Les années tranquilles
Malgré tout, Gaston ne baisse pas les bras. Afin de combler le vide, il s’engage dans le communautaire, et à cinquante ans, il devient conseiller municipal à Saint-Armand, sous la gouverne du maire Maxime Hamon. Nous sommes en 1971, et les mandats d’alors durent deux ans. Le maire Hamon se sait malade. Ne pouvant finir son terme, il propose à son conseil d’être remplacé par Gaston, proposition acceptée, une seule opposition, adopté, Gaston devient maire par intérim. Par deux fois, la population lui accordera son vote avant qu’il subisse la défaite par 12 voix seulement. À cette époque, gérer une municipalité n’était pas aussi complexe qu’aujourd’hui, si bien que les assemblées sont courtes, la charge de travail relativement simple et que les « octrois » du gouvernement aident grandement au casse-tête financier de la municipalité. Deux projets majeurs accaparent les élus durant les années Dandurand, soit la construction du garage municipal, permettant ainsi de centraliser la machinerie qui dans certains cas pouvait dormir à la belle étoile durant des mois aux quatre coins de la municipalité. Ensuite la rénovation de la gare (donc l’hôtel de ville), car le bâtiment en a grandement besoin.
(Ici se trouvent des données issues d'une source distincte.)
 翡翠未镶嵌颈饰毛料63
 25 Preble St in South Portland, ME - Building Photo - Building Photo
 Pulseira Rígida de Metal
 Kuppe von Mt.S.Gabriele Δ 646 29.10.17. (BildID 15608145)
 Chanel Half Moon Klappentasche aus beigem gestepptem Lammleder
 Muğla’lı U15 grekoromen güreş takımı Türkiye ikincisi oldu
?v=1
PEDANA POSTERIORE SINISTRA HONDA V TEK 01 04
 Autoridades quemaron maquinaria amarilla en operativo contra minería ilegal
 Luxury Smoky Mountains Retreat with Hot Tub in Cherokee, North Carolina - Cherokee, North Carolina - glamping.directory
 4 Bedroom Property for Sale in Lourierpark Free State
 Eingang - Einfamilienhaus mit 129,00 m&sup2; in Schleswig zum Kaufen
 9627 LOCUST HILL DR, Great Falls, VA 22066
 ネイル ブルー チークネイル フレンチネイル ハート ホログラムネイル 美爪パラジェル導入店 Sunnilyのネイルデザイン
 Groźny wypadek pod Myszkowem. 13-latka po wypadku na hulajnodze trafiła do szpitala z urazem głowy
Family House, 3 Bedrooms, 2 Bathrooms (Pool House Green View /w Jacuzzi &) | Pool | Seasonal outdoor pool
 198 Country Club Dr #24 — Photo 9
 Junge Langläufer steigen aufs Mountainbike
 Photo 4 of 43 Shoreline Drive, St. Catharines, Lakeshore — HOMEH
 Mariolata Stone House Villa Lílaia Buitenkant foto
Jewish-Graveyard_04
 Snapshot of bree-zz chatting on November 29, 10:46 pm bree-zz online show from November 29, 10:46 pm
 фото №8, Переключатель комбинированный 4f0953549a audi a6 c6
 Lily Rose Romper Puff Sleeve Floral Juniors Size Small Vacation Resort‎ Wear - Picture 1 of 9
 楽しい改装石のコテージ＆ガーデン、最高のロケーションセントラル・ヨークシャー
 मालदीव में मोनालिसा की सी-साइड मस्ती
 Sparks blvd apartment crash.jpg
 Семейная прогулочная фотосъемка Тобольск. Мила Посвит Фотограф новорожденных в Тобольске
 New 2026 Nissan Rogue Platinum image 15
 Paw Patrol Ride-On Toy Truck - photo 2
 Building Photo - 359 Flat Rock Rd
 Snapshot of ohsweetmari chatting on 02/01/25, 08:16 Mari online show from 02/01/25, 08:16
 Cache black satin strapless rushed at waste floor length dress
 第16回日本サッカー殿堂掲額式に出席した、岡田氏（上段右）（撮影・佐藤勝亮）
Les tuiles d’ardoise étaient plus que centenaires, devenues dangereuses, leur remplacement était impératif, et on a dû aller jusqu’aux États-Unis pour en dénicher.
Durant ces années à la mairie, Gaston aura été un maire économe, soucieux de la bonne santé financière de sa municipalité. Pour preuve : lors d’une assemblée générale de l’Union des municipalités du Québec, le président appelle ses membres à suivre l’exemple d’une petite municipalité du sud de la province, en matière de bonne gestion financière, et invite les élus à rencontrer son maire : M.Gaston Dandurand. Ovation monstre. Gaston assis avec le maire de Farnham n’en revient tout simplement pas. Gérer une municipalité était comme une seconde nature pour lui. Voir à l’entretien des chemins, éviter les chicanes entre paroissiens, s’assurer d’avoir les moyens de mener tel ou tel projet à terme, voilà ce qui motivait le maire.
Il dit ne pas avoir de regrets, qu’il a aimé ces années passées au service des gens, et qu’en fait, après la défaite, il était « quasiment content » de perdre le pouvoir et de prendre du repos. Ainsi il peut faire comme plusieurs ; partir en Floride durant l’hiver, ce qu’il fait depuis 18 ans maintenant.
Aujourd’hui Gaston vit des jours paisibles, heureux et sans souci, vaquant à ses petites occupations. Peut-être aurait-t-il eu quelques papillons le 6 novembre prochain en s’approchant de l’isoloir du bureau de votes.